(Records drawn from a dataset)
§ §

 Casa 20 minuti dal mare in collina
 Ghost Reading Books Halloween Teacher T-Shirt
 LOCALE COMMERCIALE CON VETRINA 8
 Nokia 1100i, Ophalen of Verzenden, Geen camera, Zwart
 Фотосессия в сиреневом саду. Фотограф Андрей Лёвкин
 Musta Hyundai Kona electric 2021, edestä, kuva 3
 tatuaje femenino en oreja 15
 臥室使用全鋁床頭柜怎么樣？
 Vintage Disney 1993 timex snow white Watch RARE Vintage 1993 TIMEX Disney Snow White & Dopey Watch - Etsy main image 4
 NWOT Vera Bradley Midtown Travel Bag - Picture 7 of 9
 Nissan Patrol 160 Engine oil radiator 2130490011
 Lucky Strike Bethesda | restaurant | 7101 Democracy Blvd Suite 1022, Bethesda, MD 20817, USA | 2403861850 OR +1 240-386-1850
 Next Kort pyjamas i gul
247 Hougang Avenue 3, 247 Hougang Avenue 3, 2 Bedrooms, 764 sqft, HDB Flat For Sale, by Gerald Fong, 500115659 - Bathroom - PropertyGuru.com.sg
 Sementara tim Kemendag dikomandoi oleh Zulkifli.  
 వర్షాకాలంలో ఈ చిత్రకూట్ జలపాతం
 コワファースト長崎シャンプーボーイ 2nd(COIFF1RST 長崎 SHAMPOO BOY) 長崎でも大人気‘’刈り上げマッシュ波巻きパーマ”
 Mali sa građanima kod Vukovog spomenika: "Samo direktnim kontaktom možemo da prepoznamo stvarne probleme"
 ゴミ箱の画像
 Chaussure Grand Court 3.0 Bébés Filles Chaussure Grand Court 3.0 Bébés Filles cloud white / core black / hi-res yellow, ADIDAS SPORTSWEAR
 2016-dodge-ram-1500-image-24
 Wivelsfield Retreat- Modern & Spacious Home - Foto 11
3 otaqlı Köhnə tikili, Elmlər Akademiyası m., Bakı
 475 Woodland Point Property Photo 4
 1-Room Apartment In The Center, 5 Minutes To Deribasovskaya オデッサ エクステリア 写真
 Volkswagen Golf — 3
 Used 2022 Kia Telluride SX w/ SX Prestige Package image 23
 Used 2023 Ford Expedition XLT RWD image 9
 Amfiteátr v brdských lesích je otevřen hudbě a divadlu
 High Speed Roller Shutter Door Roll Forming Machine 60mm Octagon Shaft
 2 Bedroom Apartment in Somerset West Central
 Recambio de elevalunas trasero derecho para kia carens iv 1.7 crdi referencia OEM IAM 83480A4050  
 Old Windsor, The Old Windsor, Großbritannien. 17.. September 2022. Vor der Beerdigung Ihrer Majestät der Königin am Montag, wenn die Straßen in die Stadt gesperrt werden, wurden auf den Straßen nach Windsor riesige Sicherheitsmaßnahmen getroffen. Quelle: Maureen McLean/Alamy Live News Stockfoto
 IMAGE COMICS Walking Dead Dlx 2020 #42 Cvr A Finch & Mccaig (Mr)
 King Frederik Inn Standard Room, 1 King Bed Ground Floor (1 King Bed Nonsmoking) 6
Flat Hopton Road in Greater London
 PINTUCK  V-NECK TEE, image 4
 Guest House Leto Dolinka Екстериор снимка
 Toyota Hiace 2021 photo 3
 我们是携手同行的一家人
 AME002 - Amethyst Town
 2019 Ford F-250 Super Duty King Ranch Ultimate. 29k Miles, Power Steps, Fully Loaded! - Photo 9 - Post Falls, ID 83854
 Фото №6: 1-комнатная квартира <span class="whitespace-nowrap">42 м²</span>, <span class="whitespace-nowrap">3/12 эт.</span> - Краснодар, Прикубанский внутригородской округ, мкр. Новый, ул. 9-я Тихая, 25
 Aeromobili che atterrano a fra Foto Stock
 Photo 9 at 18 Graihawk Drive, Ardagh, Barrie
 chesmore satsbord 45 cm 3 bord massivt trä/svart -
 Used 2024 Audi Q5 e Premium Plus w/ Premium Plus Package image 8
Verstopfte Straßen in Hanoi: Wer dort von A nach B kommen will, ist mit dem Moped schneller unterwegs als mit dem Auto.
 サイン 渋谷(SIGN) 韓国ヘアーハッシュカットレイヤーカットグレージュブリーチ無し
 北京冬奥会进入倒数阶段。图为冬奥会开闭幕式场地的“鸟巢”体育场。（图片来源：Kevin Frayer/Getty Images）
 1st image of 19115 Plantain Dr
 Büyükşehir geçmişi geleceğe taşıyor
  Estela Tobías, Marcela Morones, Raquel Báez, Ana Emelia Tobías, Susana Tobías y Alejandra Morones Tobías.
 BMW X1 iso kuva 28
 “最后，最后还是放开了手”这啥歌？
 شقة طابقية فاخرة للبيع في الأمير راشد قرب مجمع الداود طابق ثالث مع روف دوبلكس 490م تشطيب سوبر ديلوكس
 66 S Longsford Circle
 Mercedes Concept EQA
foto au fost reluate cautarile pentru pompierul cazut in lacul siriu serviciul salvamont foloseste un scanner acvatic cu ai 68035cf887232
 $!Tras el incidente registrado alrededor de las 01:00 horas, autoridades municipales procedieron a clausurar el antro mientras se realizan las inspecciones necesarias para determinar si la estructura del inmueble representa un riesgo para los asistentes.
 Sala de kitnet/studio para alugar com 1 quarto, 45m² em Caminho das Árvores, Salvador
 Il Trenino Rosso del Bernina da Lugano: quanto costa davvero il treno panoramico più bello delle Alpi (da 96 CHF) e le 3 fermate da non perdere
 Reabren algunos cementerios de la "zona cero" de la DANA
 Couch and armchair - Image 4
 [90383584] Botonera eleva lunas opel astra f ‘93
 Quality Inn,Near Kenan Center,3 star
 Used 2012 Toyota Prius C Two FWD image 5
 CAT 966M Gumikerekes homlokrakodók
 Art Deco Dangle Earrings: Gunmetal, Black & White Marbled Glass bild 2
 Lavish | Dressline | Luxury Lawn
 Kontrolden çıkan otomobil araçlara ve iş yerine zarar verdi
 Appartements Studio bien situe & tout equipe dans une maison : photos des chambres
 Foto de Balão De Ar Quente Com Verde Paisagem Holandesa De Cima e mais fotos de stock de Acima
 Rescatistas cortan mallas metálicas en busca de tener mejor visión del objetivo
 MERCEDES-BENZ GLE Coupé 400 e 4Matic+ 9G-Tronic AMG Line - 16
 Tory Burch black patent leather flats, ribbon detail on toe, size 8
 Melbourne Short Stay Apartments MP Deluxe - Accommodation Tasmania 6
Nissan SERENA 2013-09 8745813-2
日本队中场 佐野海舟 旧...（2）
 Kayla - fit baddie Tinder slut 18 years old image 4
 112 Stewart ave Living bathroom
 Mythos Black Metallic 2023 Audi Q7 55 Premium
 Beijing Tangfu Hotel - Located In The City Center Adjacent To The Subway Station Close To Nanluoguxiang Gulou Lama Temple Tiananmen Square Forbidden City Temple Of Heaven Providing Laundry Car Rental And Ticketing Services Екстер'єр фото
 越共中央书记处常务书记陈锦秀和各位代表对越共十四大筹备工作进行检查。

§ §

• _Exercise_
Given the data above, which lines hold the string "Straßen"? Return them.

• _Solution to the exercise_
 Old Windsor, The Old Windsor, Großbritannien. 17.. September 2022. Vor der Beerdigung Ihrer Majestät der Königin am Montag, wenn die Straßen in die Stadt gesperrt werden, wurden auf den Straßen nach Windsor riesige Sicherheitsmaßnahmen getroffen. Quelle: Maureen McLean/Alamy Live News Stockfoto
Verstopfte Straßen in Hanoi: Wer dort von A nach B kommen will, ist mit dem Moped schneller unterwegs als mit dem Auto.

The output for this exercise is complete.